3. Tell a Cohesive—and Authentic—Story
Each asset should support an overarching organizational message. Like rungs in a ladder, your content should make sense in the larger scheme of things. Your industry expertise should reinforce the authenticity of your messaging and ring true. This is where you want to avoid the proverbial eye roll. For example, if you’ve been selling software to mothers, suddenly targeting Millennial gamers probably won’t work. You have no street cred, so to speak. Make sure what you’re saying makes sense not only in relation to your organization’s history, but also in light of your ability to execute.
4. Communicate Across Teams
Be sure each functional or product team isn’t creating content in silos. Not only does this lead to content duplication and messaging conflicts, it ultimately confuses customers and drives them away. Coordinate across teams so your customer messages sound like they’re coming from one organization, an organization that’s trustworthy and presents content like it has its crap together.

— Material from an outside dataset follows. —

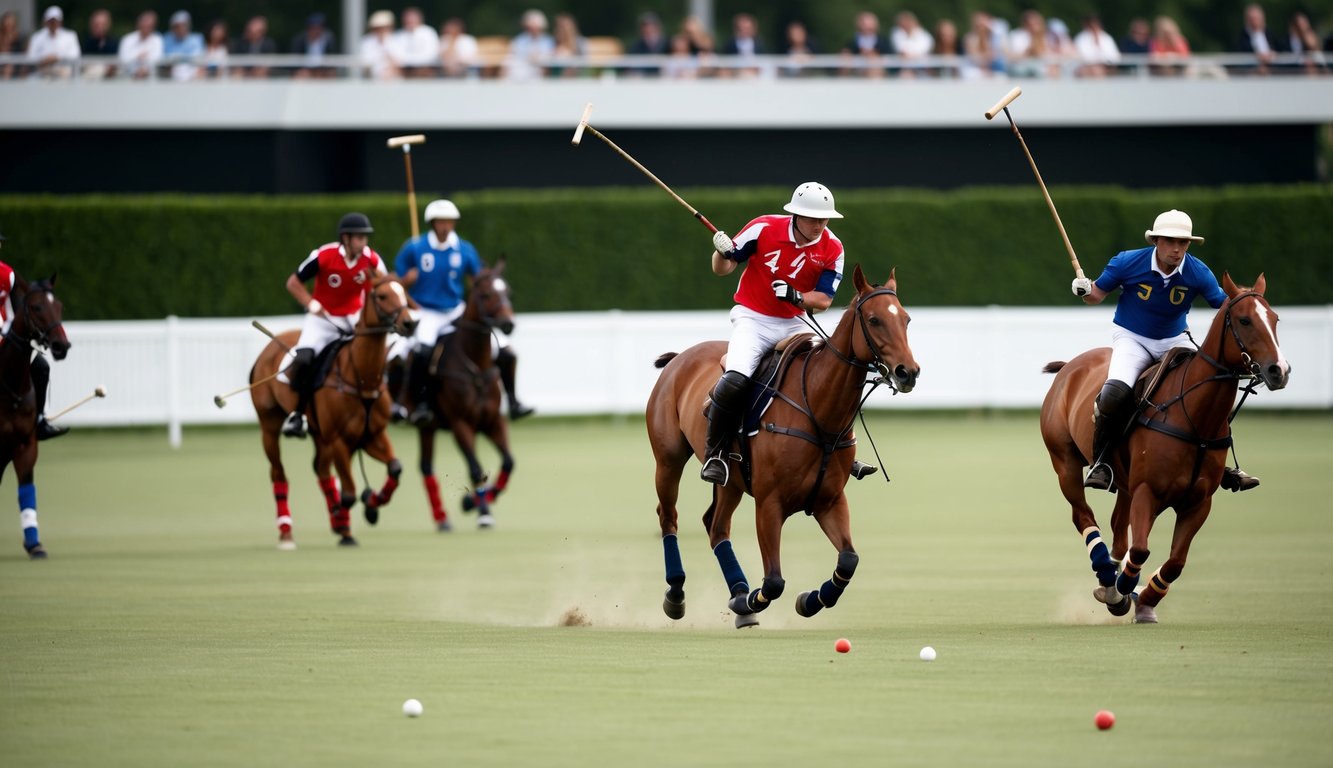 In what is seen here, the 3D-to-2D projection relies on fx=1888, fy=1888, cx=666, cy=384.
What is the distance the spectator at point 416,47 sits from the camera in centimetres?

5. Use Quantitative and Qualitative Testing
Everyone has an opinion. That’s why it’s so critical to test content performance. But the key to good content is not only to test how your produced content performs once it’s created, you need to likewise optimize the content process to ensure you’re improving how you produce content over time. Preferences change, especially as you target new personas and introduce new products. This means that you should be continually testing.
I’m a big fan of qualitative testing. While we can assess much from observing behaviors—especially online—we can’t often say why. Set up a focus group, panel or personal interviews to ask your target about their likes, dislikes and reasoning behind the purchasing decisions they make, and how content advances that process. When combined with all manner of quantitative testing—length, form factor, subject lines, media type, tone, design, color, offer, etc.—you’ll have a way more robust picture of how to make your content better.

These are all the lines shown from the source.